** RECORDS follows **

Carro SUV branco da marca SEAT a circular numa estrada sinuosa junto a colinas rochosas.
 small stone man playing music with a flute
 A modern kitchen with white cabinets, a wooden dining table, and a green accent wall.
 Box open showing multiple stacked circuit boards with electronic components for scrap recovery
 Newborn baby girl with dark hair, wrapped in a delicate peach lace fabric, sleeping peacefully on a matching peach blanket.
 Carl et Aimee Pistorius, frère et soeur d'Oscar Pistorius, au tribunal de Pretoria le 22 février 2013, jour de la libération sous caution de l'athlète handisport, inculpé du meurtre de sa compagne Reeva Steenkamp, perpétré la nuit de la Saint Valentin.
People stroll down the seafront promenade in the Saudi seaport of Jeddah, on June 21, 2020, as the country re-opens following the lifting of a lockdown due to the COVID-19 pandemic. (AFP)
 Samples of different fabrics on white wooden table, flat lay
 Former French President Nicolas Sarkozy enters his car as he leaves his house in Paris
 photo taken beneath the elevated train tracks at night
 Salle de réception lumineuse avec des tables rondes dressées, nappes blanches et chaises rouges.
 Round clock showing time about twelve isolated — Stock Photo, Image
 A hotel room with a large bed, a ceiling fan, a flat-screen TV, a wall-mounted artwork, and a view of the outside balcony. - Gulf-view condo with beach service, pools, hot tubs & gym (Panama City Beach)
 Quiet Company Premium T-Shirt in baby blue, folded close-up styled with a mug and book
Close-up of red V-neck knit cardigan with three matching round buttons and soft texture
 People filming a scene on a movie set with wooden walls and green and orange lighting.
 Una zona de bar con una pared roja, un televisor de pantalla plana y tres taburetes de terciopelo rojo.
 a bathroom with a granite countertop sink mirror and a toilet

** End of RECORDS **

== EXERCISE AIM ==
Once more, write out all of the entries above exactly.

== TASK RESULT ==
Carro SUV branco da marca SEAT a circular numa estrada sinuosa junto a colinas rochosas.
 small stone man playing music with a flute
 A modern kitchen with white cabinets, a wooden dining table, and a green accent wall.
 Box open showing multiple stacked circuit boards with electronic components for scrap recovery
 Newborn baby girl with dark hair, wrapped in a delicate peach lace fabric, sleeping peacefully on a matching peach blanket.
 Carl et Aimee Pistorius, frère et soeur d'Oscar Pistorius, au tribunal de Pretoria le 22 février 2013, jour de la libération sous caution de l'athlète handisport, inculpé du meurtre de sa compagne Reeva Steenkamp, perpétré la nuit de la Saint Valentin.
People stroll down the seafront promenade in the Saudi seaport of Jeddah, on June 21, 2020, as the country re-opens following the lifting of a lockdown due to the COVID-19 pandemic. (AFP)
 Samples of different fabrics on white wooden table, flat lay
 Former French President Nicolas Sarkozy enters his car as he leaves his house in Paris
 photo taken beneath the elevated train tracks at night
 Salle de réception lumineuse avec des tables rondes dressées, nappes blanches et chaises rouges.
 Round clock showing time about twelve isolated — Stock Photo, Image
 A hotel room with a large bed, a ceiling fan, a flat-screen TV, a wall-mounted artwork, and a view of the outside balcony. - Gulf-view condo with beach service, pools, hot tubs & gym (Panama City Beach)
 Quiet Company Premium T-Shirt in baby blue, folded close-up styled with a mug and book
Close-up of red V-neck knit cardigan with three matching round buttons and soft texture
 People filming a scene on a movie set with wooden walls and green and orange lighting.
 Una zona de bar con una pared roja, un televisor de pantalla plana y tres taburetes de terciopelo rojo.
 a bathroom with a granite countertop sink mirror and a toilet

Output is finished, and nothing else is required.